DATA PROVIDED Block Start
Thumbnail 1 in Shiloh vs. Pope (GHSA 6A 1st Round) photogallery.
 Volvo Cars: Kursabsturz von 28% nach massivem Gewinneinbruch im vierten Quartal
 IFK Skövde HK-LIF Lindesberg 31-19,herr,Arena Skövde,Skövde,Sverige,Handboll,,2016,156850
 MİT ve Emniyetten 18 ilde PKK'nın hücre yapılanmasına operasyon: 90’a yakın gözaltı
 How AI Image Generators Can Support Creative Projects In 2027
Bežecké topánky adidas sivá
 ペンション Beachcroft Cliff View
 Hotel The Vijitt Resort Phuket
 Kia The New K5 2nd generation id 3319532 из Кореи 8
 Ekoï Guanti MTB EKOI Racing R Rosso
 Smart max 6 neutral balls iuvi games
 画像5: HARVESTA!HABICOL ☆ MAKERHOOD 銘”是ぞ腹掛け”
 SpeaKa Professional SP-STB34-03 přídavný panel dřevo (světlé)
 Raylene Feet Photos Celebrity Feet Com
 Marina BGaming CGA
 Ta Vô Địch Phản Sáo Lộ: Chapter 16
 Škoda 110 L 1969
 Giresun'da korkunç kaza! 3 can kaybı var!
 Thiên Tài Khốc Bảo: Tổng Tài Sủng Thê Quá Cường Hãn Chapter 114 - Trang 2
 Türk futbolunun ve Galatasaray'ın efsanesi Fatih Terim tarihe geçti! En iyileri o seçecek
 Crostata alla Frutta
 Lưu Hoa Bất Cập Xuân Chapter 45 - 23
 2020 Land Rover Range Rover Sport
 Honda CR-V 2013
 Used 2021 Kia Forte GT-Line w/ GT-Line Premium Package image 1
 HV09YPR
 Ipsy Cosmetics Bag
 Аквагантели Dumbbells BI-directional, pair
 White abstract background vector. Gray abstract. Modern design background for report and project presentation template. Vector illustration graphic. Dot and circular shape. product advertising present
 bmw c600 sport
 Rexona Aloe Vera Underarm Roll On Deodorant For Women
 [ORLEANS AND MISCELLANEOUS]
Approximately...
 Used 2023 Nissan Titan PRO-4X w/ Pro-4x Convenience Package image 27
DATA PROVIDED Block End
WHAT YOU SHOULD DO:
Each line of the material above must be retyped exactly as written.

OUTPUT BELOW:
Thumbnail 1 in Shiloh vs. Pope (GHSA 6A 1st Round) photogallery.
 Volvo Cars: Kursabsturz von 28% nach massivem Gewinneinbruch im vierten Quartal
 IFK Skövde HK-LIF Lindesberg 31-19,herr,Arena Skövde,Skövde,Sverige,Handboll,,2016,156850
 MİT ve Emniyetten 18 ilde PKK'nın hücre yapılanmasına operasyon: 90’a yakın gözaltı
 How AI Image Generators Can Support Creative Projects In 2027
Bežecké topánky adidas sivá
 ペンション Beachcroft Cliff View
 Hotel The Vijitt Resort Phuket
 Kia The New K5 2nd generation id 3319532 из Кореи 8
 Ekoï Guanti MTB EKOI Racing R Rosso
 Smart max 6 neutral balls iuvi games
 画像5: HARVESTA!HABICOL ☆ MAKERHOOD 銘”是ぞ腹掛け”
 SpeaKa Professional SP-STB34-03 přídavný panel dřevo (světlé)
 Raylene Feet Photos Celebrity Feet Com
 Marina BGaming CGA
 Ta Vô Địch Phản Sáo Lộ: Chapter 16
 Škoda 110 L 1969
 Giresun'da korkunç kaza! 3 can kaybı var!
 Thiên Tài Khốc Bảo: Tổng Tài Sủng Thê Quá Cường Hãn Chapter 114 - Trang 2
 Türk futbolunun ve Galatasaray'ın efsanesi Fatih Terim tarihe geçti! En iyileri o seçecek
 Crostata alla Frutta
 Lưu Hoa Bất Cập Xuân Chapter 45 - 23
 2020 Land Rover Range Rover Sport
 Honda CR-V 2013
 Used 2021 Kia Forte GT-Line w/ GT-Line Premium Package image 1
 HV09YPR
 Ipsy Cosmetics Bag
 Аквагантели Dumbbells BI-directional, pair
 White abstract background vector. Gray abstract. Modern design background for report and project presentation template. Vector illustration graphic. Dot and circular shape. product advertising present
 bmw c600 sport
 Rexona Aloe Vera Underarm Roll On Deodorant For Women
 [ORLEANS AND MISCELLANEOUS]
Approximately...
 Used 2023 Nissan Titan PRO-4X w/ Pro-4x Convenience Package image 27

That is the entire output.